The Château de Gisors is a castle in the town of Gisors in the department of Eure, France. The castle was a key fortress of the Dukes of Normandy in the 11th and 12th centuries. It was intended to defend the Anglo-Norman Vexin territory from the pretensions of the King of France.

History

King William II of England ordered Robert of Bellême to build the first castle at Gisors. Henry I of England built the octagonal stone keep surmounting the motte; his work at Gisors was part of a programme of royal castle building in Normandy during his reign to secure the region against the aspirations of the French crown. It saw the construction of more than 25 castles.

In 1193, as King Richard I of England (also Duke of Normandy) was imprisoned in Germany, the castle, while under the command of Gilbert de Vascoeuil fell into the hands of King Philip II of France. After Richard's death in 1199, Philip conquered much of the rest of Normandy and Gisors thereafter lost a good part of its importance as a frontier castle. 

The castle is also known for its links with the Templars.
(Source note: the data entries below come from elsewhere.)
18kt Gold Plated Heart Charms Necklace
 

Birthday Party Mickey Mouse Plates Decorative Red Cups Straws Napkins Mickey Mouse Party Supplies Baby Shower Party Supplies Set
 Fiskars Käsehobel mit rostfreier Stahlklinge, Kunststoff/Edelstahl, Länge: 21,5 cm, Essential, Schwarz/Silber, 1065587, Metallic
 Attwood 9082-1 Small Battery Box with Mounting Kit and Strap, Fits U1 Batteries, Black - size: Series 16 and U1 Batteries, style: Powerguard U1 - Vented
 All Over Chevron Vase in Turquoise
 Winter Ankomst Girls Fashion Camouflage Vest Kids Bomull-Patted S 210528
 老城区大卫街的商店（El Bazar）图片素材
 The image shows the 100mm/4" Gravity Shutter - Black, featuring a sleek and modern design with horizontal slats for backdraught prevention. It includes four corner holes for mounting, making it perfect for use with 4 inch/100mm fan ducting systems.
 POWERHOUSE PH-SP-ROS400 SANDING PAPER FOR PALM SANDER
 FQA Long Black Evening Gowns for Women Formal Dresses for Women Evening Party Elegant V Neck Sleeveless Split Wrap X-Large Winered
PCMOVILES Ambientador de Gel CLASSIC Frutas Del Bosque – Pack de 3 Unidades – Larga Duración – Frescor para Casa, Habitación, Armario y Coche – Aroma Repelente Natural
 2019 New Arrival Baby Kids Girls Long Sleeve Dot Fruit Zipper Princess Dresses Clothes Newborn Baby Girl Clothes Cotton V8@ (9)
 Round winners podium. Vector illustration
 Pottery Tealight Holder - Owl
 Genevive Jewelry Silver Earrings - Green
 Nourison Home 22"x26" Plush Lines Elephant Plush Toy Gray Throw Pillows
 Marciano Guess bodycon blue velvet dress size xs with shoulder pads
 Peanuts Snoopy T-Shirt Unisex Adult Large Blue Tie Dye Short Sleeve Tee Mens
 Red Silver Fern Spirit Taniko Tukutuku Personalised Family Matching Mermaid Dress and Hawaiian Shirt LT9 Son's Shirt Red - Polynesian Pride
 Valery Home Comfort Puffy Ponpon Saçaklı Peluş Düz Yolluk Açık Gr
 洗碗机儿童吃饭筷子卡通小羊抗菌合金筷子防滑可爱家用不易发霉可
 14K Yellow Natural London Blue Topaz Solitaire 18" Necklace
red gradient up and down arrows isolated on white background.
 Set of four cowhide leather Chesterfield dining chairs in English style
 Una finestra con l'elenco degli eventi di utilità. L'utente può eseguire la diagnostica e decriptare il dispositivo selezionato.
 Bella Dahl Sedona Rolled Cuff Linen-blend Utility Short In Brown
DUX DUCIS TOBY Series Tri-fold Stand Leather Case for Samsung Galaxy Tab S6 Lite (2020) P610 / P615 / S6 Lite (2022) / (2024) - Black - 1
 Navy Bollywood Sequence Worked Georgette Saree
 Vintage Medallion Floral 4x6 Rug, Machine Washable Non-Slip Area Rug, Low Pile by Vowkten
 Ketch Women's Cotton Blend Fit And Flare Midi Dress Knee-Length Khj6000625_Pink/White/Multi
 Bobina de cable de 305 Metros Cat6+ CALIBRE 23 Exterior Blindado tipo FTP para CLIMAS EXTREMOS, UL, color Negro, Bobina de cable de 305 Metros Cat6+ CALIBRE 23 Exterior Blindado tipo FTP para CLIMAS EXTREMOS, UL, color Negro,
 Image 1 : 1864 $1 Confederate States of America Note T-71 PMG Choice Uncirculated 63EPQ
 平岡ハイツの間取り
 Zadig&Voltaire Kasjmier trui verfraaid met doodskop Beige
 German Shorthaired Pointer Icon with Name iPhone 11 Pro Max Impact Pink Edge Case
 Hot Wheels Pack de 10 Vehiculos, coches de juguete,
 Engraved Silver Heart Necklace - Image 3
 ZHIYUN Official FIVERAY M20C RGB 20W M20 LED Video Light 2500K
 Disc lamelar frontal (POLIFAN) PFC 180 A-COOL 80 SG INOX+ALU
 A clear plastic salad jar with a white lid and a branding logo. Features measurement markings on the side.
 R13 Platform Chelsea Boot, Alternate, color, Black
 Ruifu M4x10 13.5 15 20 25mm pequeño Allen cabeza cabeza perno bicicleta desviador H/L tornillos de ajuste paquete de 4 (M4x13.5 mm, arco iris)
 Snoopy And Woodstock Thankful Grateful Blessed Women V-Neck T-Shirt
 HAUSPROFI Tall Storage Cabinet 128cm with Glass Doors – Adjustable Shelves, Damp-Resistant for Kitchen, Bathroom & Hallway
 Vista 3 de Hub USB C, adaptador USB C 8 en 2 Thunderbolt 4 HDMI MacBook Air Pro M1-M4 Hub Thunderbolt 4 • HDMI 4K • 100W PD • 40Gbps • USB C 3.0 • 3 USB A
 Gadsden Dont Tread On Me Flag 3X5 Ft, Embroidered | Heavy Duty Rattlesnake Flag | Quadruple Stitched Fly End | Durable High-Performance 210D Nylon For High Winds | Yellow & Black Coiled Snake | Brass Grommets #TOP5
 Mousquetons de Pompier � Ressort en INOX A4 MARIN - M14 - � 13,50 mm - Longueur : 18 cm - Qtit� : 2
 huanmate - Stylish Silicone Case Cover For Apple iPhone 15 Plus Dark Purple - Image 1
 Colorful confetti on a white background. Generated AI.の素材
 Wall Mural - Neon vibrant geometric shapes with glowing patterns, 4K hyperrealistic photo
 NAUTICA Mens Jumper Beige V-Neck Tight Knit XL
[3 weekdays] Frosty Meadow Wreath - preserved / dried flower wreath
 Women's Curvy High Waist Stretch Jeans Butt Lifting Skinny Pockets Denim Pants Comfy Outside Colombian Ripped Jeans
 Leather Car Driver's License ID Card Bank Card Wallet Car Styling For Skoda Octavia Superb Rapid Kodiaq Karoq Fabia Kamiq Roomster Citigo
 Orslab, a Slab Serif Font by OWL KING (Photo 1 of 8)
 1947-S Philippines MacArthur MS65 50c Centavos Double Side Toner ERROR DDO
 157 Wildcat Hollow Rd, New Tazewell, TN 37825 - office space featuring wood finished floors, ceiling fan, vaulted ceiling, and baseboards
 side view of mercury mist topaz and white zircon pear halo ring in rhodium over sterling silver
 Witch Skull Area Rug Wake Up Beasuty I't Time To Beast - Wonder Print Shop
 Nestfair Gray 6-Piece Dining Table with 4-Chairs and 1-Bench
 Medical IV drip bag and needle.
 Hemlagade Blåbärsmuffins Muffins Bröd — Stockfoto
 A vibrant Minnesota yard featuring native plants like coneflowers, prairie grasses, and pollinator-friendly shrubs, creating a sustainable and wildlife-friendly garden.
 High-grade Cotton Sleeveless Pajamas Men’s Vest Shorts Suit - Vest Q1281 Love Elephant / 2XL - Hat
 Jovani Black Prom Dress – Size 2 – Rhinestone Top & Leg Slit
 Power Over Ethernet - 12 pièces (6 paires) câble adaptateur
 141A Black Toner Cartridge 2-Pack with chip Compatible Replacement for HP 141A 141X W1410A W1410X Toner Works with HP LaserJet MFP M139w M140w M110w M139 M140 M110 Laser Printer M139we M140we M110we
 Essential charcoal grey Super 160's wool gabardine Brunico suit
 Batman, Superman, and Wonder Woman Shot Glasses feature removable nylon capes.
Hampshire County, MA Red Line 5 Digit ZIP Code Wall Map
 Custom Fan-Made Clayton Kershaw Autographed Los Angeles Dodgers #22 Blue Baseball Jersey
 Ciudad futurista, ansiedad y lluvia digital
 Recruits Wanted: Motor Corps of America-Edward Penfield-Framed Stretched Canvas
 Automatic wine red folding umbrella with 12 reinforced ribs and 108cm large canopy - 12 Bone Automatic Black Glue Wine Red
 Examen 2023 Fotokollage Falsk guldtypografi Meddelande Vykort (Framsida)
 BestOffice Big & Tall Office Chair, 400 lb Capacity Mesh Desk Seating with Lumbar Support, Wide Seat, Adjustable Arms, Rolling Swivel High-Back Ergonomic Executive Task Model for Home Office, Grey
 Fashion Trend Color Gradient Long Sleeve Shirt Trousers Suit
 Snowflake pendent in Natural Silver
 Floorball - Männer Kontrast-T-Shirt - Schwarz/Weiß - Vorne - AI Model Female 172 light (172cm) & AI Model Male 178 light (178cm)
Put into their charge by the French king between 1158 and 1160, it became the final prison of the Grand Master of the Order, Jacques de Molay, in 1314.

Although it has been estimated that the bailey could have housed 1,000 soldiers, in 1438 (during the Hundred Years' War) the English garrison numbered just 90. By 1448, this had decreased to 43.

Description

The first building work is dated to about 1095, and consisted of a motte, which was enclosed in a spacious courtyard or bailey. Henry I of England, Duke of Normandy, added an octagonal stone keep to the motte. After 1161, important reinforcement work saw this keep raised and augmented; the wooden palisade of the motte converted to stone, thus forming a chemise; and the outer wall of the bailey was completed in stone with flanking towers. The octagonal keep is considered one of the best preserved examples of a shell keep.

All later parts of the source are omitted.